*** DATA TO USE

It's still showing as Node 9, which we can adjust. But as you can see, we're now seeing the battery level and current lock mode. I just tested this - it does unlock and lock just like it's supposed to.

******
*** DATA TO USE

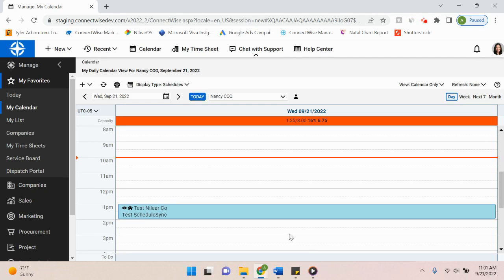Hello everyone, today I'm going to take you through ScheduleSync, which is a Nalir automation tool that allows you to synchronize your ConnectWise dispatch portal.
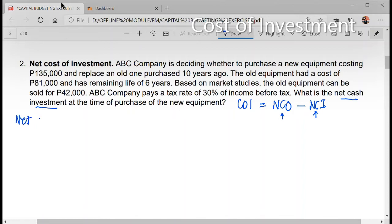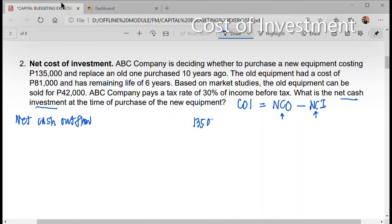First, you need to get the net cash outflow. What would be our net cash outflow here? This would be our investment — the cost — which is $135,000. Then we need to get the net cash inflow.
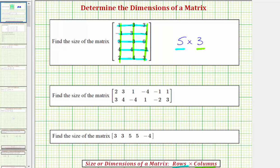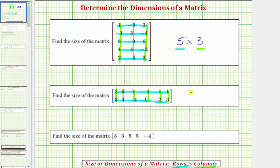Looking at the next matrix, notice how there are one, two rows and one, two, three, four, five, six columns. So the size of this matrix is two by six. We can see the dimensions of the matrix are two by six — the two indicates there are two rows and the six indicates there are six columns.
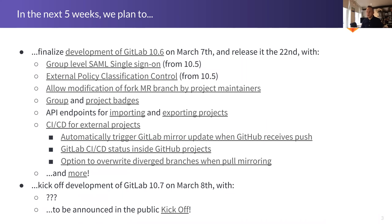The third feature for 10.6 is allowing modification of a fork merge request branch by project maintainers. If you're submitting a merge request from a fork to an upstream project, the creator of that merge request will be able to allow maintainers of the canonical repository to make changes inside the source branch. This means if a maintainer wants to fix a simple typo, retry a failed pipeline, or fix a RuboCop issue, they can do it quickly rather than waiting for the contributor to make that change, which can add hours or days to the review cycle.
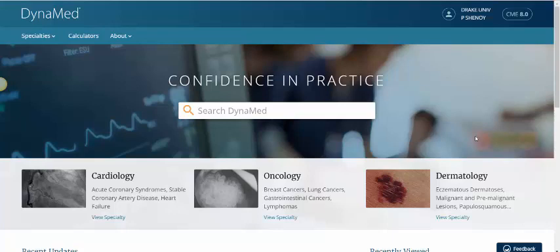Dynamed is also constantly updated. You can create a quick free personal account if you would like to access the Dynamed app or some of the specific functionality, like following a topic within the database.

******

▸ **TASK REQUIREMENTS**: Only the lines starting at the one that includes "The third feature" and ending at the one that includes "Dynamed is also" should be retyped, exactly, from the records above; no pictures.

▸ **ANSWER FOR THE TASK**:
The third feature for 10.6 is allowing modification of a fork merge request branch by project maintainers. If you're submitting a merge request from a fork to an upstream project, the creator of that merge request will be able to allow maintainers of the canonical repository to make changes inside the source branch. This means if a maintainer wants to fix a simple typo, retry a failed pipeline, or fix a RuboCop issue, they can do it quickly rather than waiting for the contributor to make that change, which can add hours or days to the review cycle.
Dynamed is also constantly updated. You can create a quick free personal account if you would like to access the Dynamed app or some of the specific functionality, like following a topic within the database.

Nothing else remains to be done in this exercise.